It was great to get home today and great to be able to make the trip in my own car after a week of driving a rental. I was certainly appreciative of the fact that my insurance covered the cost of a rental while the repairs on my vehicle were being completed. But the rental was an automatic and I’ve been driving cars with a standard transmission for years and I love it. My daughters tell me that it’s because I am a control freak and I tell them they’re just jealous because they can’t drive a standard!
But, I have to admit, my girls are right. The main reason I love driving a standard is because I want to decide when it is time to shift gears. So there! As I was driving home today happily gearing up and gearing down as the need arose, and, even though metaphors tend to irritate me, I decided to compare my preference for a standard transmission with my preference for self-directed learning.
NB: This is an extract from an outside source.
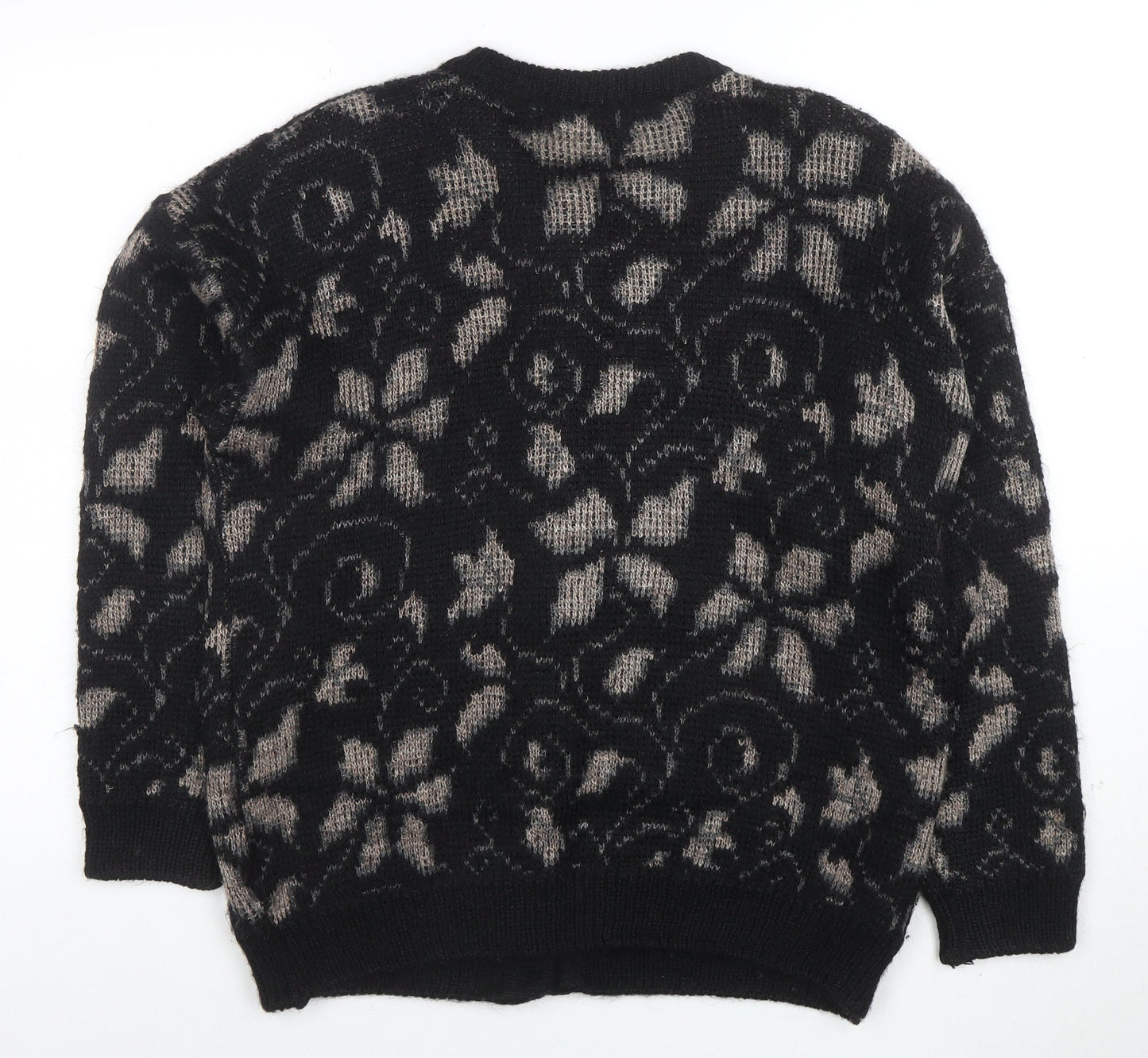 Marks and Spencer Women's Black Floral Mohair Blend Cardigan Size 12-14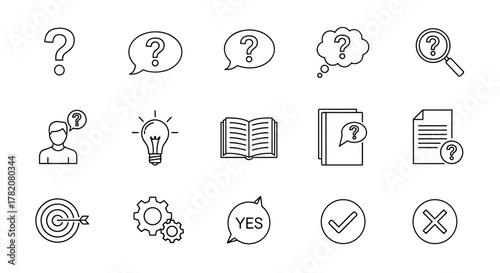 A clean and modern set of outline icons, perfect for representing concepts like questions, ideas, solutions, and decision-making. This vector illustration features a magnifying glass, question marks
I like to be in control of my learning the same as I like control of my vehicle. Teach me, explain things to me, share your expertise with me but give me at least some control over the pace and direction. And don’t be forever looking over my shoulder while I am figuring out my own way to assimilate this knowledge into my reality.
Dave suggested we reflect on the terms self-assessment and self-remediation. Again, I see this as part of self-directed learning. I want the opportunity to provide feedback on my progress as I see it. If I am having problems, I want to lead the search for solutions. But that doesn’t mean I want a totally hands off approach on the part of the instructor. I am comfortable seeking help when I need it but there are lots of students who are not and we always need to be mindful of that population.
Having just reread my post, I am realizing that I wrote from a very self-centered perspective. Oh, well. It’s Friday, which, to me, seems like a good day to put yourself first.